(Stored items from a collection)
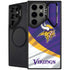 NFL Minnesota Vikings Galaxy S25 Ultra Kickstand Case
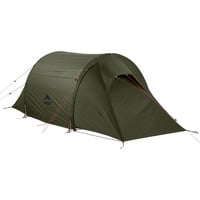 MSR MSR Tindheim 2 gn, Tente Vert olive/Rouge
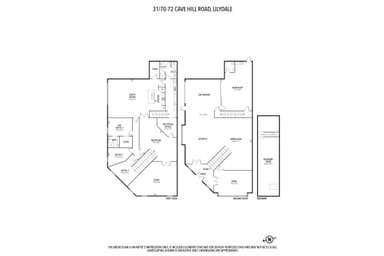 31/70-72 Cave Hill Road Lilydale VIC 3140 - Floor Plan 1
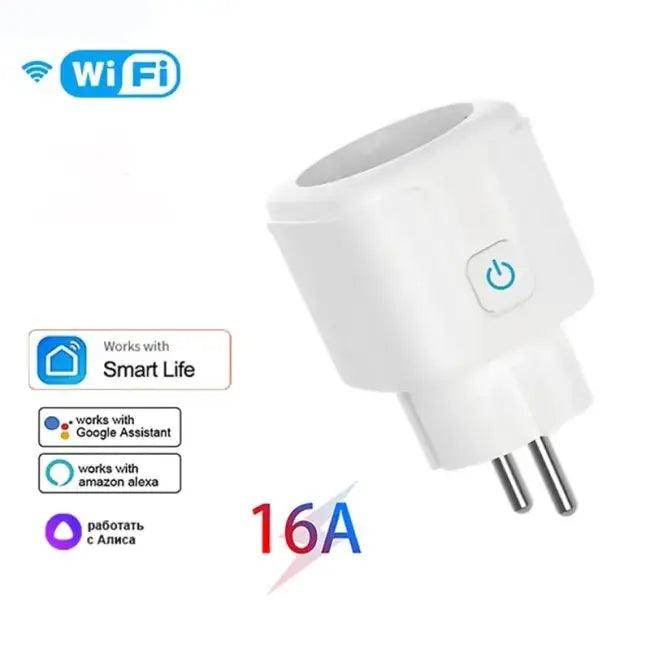 Spark Your Home Energy with Smart Power Plug Benefits - Estalios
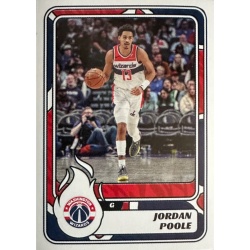 Jordan Poole Washington Wizards 281
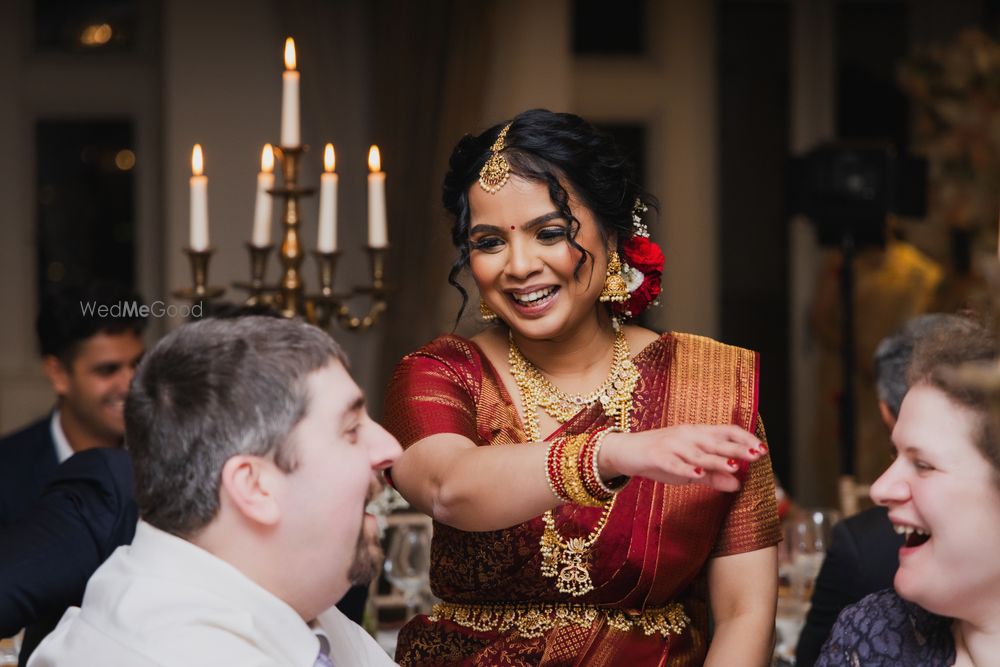 Photo From Lakshmi & Arvind - By Sujeeth Kotian Photography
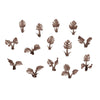 AK Interactive Basing Bits Monstera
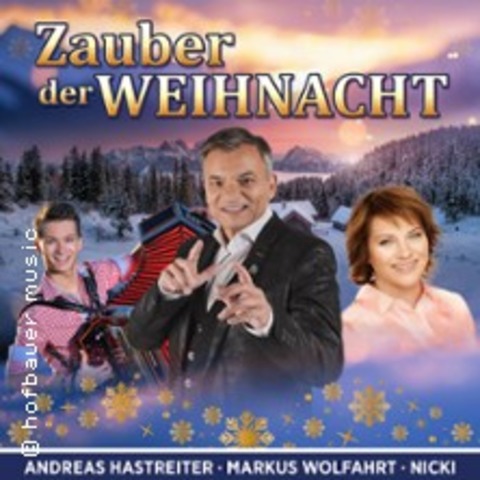 Zauber der Weihnacht - Alt�tting - 29.11.2026 15:00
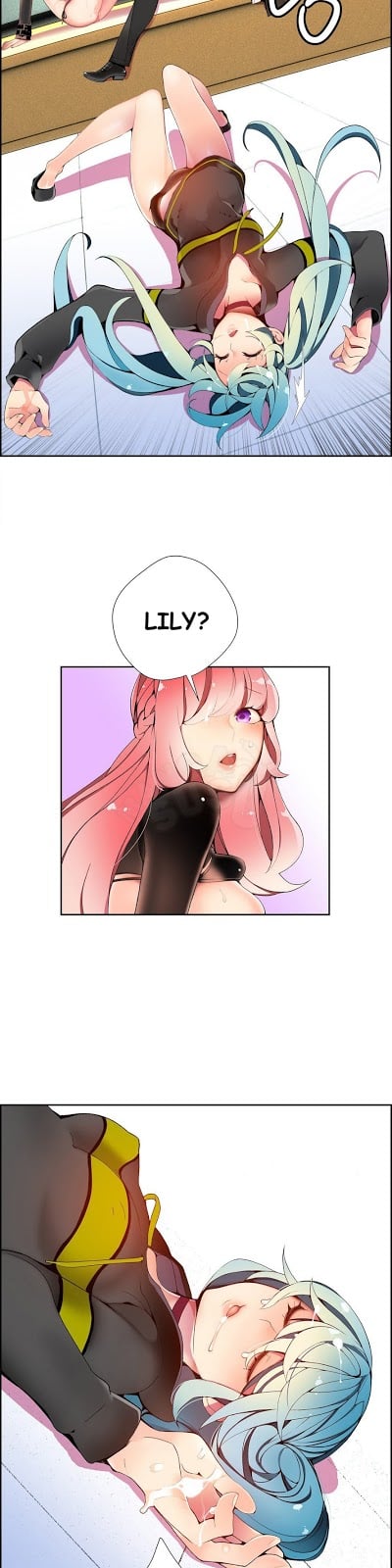 Lilith&#8217;s Cord - Chapter 12 31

WHAT YOU HAVE TO DO: The lines wanted are those from the one with "Photo From Lakshmi" to the end of the entries above, repeated exactly, both ends included. Leave out the pictures.

RESPONSE AREA:
 Photo From Lakshmi & Arvind - By Sujeeth Kotian Photography
 AK Interactive Basing Bits Monstera
 Zauber der Weihnacht - Alt�tting - 29.11.2026 15:00
 Lilith&#8217;s Cord - Chapter 12 31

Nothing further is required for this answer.